I usually avoid marriage-help books like the plague because, in general, I find them far removed from the reality of married life. “Theology of the Body” is beautiful and the ideal, but at least in my sixteen years of experience, has relatively little to do with the ins and outs of getting up every day, taking care of a house and children, and staying married.
While there are many wonderful moments, I also know marriage is hard, that it takes a lot of work and sacrifice, and that the whole “for better or for worse” is in those vows for a reason. I get up every day and do the best I can, pray a lot, and go to confession regularly to confess my sins and try to do better. I don’t need a book to remind me how far I am from the ideal of what God intended for a marriage.
101 Tips for a Happier Marriage: Simple Ways for Couples to Grow Closer to God and to Each Other is different. Written by Jennifer Roback Morse and Betsy Kerekes of The Ruth Institute, it offers practical advice for those of us in the trenches, struggling through the daily experience of being married. The authors remind us of the truths inherent in a Catholic marriage: “Almighty God wants me to love my spouse for the rest of my life. I am making a commitment to love this person, even if her or she becomes difficult. Even if my spouse becomes nearly impossible to live with, I will continue to act in an attitude of love toward him or her.” They go on to emphasize, “This book is for you.
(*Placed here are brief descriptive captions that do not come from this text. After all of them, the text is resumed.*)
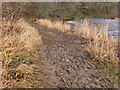 NT2340 : Muddy path by the Tweed, Neidpath by Jim Barton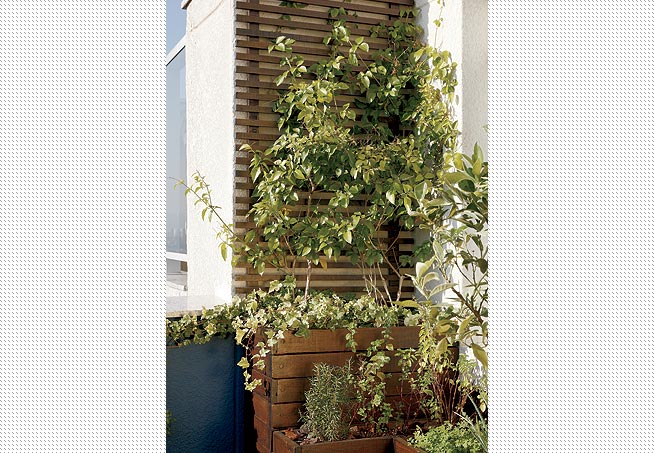 trelica jardim madeira:treliça de ipê, escurecida com betume e envernizada com seladora trelica jardim madeira:treliça de ipê, escurecida com betume e envernizada com seladora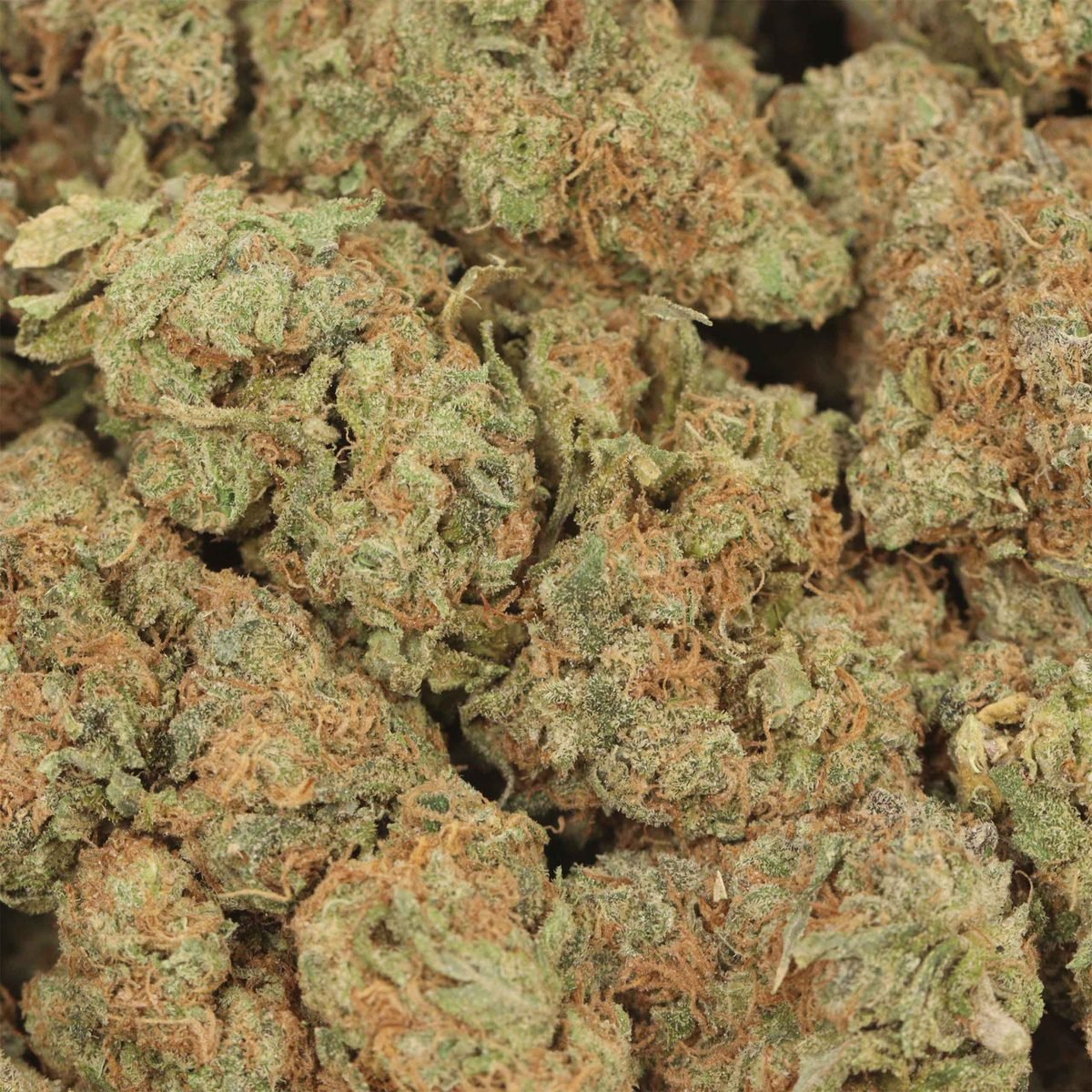 Wedding Cake - Indica at The Green Pot (photo 3)
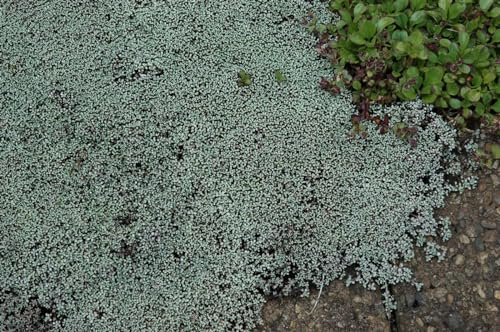 Raoulia australis 9x9 cm Topf – Immergrün, Mehrjährig, Pflegeleicht – Silberpolster – Bodendecker für Steingarten & Trockenbeet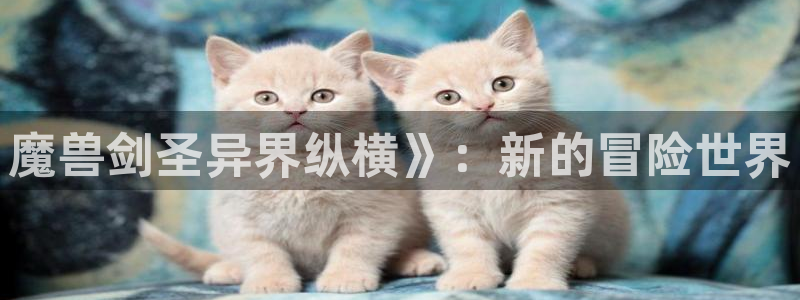 汗汗漫画首页在线：魔兽剑圣异界纵横》：新的冒险世界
The whole point of the book is that you can improve your marriage, even if your spouse doesn’t change a bit.”
The 101 tips are divided into sections: “Make a Decision to Love,” “Adjust Your Attitude,” “Check Your Expectations at the Door,” “Get it Done Without Drama,” “Recognize that Winning is for Losers,” “Understand the Physiology of Fighting,” “Handle Criticism Gracefully,” “Soothe Yourself to Let Go of Grudges,” “Ask for Help without Whining, Complaining, or Demanding,” “Offer Help without being Demeaning,” and “Appreciate Your Spouse.” There is a great deal of good advice just in those titles.
The tips themselves offer concrete ideas on having reasonable expectations, dealing with conflict, balancing household chores, being kind and being generous(how many times are we kinder to complete strangers than we are to the people we share our lives with?). The whole idea of divorce should be taken off the table. Morse and Kerekes acknowledge that there are dangerous marriages out there – this book is not for those situations, which need professional intervention and separation – but for the rest of us who travel through difficult times, divorce should not be an option. “To death do us part” is crucial.
The most important advice is saved for last: “Pray every day for your marriage. The Sacrament of Marriage gives you the grace you need to keep the love alive, but asking for assistance daily certainly helps.”
101 Tips for a Happier Marriage should be handed out to every couple that takes part in a marriage preparation program. If every couple followed its advice, there would be many more happy and successful marriages.